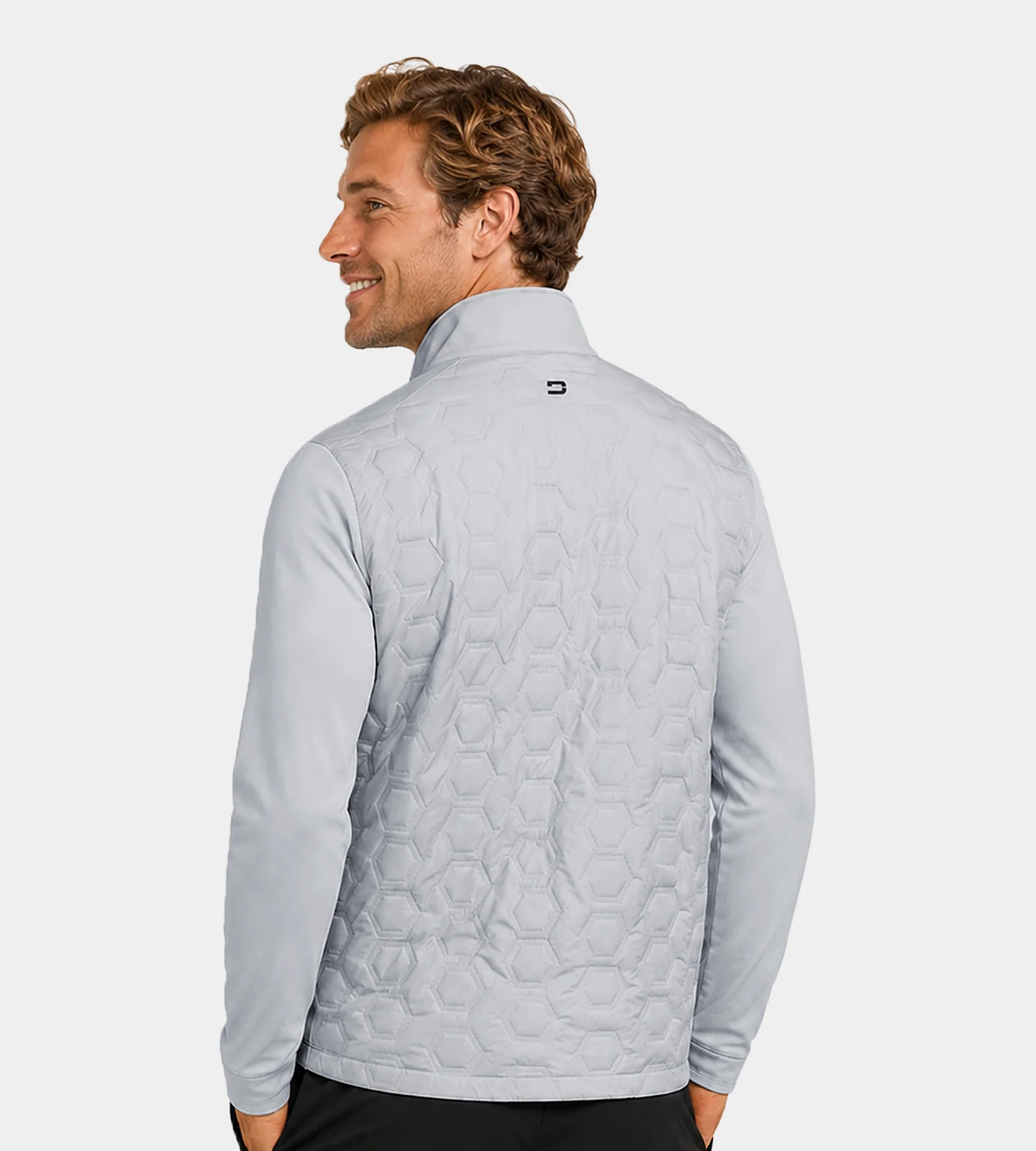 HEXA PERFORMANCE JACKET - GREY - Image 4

::::

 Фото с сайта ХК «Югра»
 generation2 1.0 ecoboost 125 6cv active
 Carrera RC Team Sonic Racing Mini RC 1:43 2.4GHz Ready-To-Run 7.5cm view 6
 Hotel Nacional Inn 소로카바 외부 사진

::::

### EXERCISE GOAL
From the material above, retype precisely the lines between the line holding "Carrera RC Team" and the line holding "Hotel Nacional Inn 소로카바 외부 사진", inclusive, and nothing beyond them.

### WRITTEN ANSWER
 Carrera RC Team Sonic Racing Mini RC 1:43 2.4GHz Ready-To-Run 7.5cm view 6
 Hotel Nacional Inn 소로카바 외부 사진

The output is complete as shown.